2012 yılında Alman sinirbilimci Manfred Spitzer bilişsel yeteneklerin bozulmasına neden olan dijital teknolojinin aşırı kullanımını tanımlamak için ‘Dijital Demans’ terimini türetti. Nöroloji Uzmanı Uzm. Dr. Celal Şalçini’nin anlatımına göre ise, Dijital demans, bu yüzyılın görmezden gelinen bir salgınıdır ve bu da gelecek nesillerimizi etkilemektedir. Hepimizin, temel günlük görevleri bile tamamlayamayacak kadar dikkatimizin dağıldığı dijital bunama durumunda olduğuna dikkat çeken Şalçini, dijital demansın belirtilerini de sosyal izolasyon, hareket eksikliği, öfke, kısa süreli hafıza kaybı ve gelişimsel gecikmeler olarak sıralıyor.
‘Dijital demans’ın 2012 yılında Alman sinirbilimci Manfred Spitzer tarafından bilişsel yeteneklerin bozulmasına neden olan dijital teknolojinin aşırı kullanımını tanımlamak için türettiği bir terimdir.
Spitzer'e göre insanlar teknolojik cihazlar sayesinde, telefon numaraları, şifreler ve diğer bilgileri cihazlara depolayarak zihinsel aktivitelerini makinelerin yapmasına izin veriyor. Bunun sonucunda gençler ve özellikle ergenlerin bilişsel yeteneklerinde bir düşüş görülmektedir. Dijital çağda büyüyen çocukların bilişsel sorunlar ve dikkat sorunları geliştirdiğini, ayrıca hafıza, organizasyon, muhakeme, problem çözme ve yüz yüze sosyal iletişimde sorunlar yaşadıklarını gösteriyor.

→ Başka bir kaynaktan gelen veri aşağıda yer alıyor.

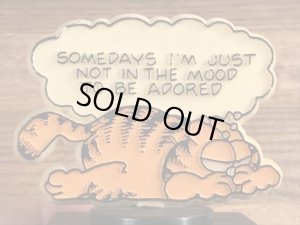 70〜80年代頃のガーフィールドのビンテージトロフィー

Değişen dünyada uzaktan eğitim ve online iş imkanları arttı. Ayrıca son zamanlarda yapay zekanın baş döndürücü hızla artması teknolojiye bağımlılığımızı artırmakta ve dijital demans salgınının etkilerini hızlandırmaktadır. Dijital demans, bu yüzyılın görmezden gelinen bir salgınıdır ve bu da gelecek nesillerimizi etkilemektedir.
Hepimiz dijital bunama durumundayız
Bugün hepimiz, temel günlük görevleri bile tamamlayamayacak kadar dikkatimizin dağıldığı dijital bunama durumundayız. Başta Alzheimer hastalığı olmak üzere bunama yelpazesindeki hastalıklar yaşla birlikte artarken, dijital demans gelişen beyinleri olan çocukları bile etkileyebiliyor. Elektronik cihazların genç yaşta aşırı kullanımı, doktorlar ve psikologlar için artan bir endişe kaynağıdır. Sosyal izolasyon, hareket eksikliği, öfke, kısa süreli hafıza kaybı, gelişimsel gecikmeler dijital demansın belirtilerinden bazılarıdır.
Gelecek nesillere teknolojiyi akıllıca kullanmayı öğretmek gerekiyor. Çalışmalar basılı materyalleri okumanın, okuduğunu anlamayı artırdığını gösteriyor. Bu sebeple okumak için tablet ve akıllı telefon yerine dergi, çizgi roman, gazete gibi basılı medyanın daha fazla kullanılması teşvik edilmeli.
Açık hava sporları oynamak gerçek zamanlı problem çözmeyi teşvik eder. Çocukların teknolojik cihazlarda sadece dikkat artırıcı ve reaksiyon zamanı temelli oyunlar yerine en azından düşünmeye ve problem çözmeye izin veren satranç, scrabble, yapboz gibi oyunları oynamaları teşvik edilmeli. Ayrıca çocuklar ebeveynlerinin aynasıdır, gördüğünü uygular, duyduğunu değil. Değişim bizimle başlar.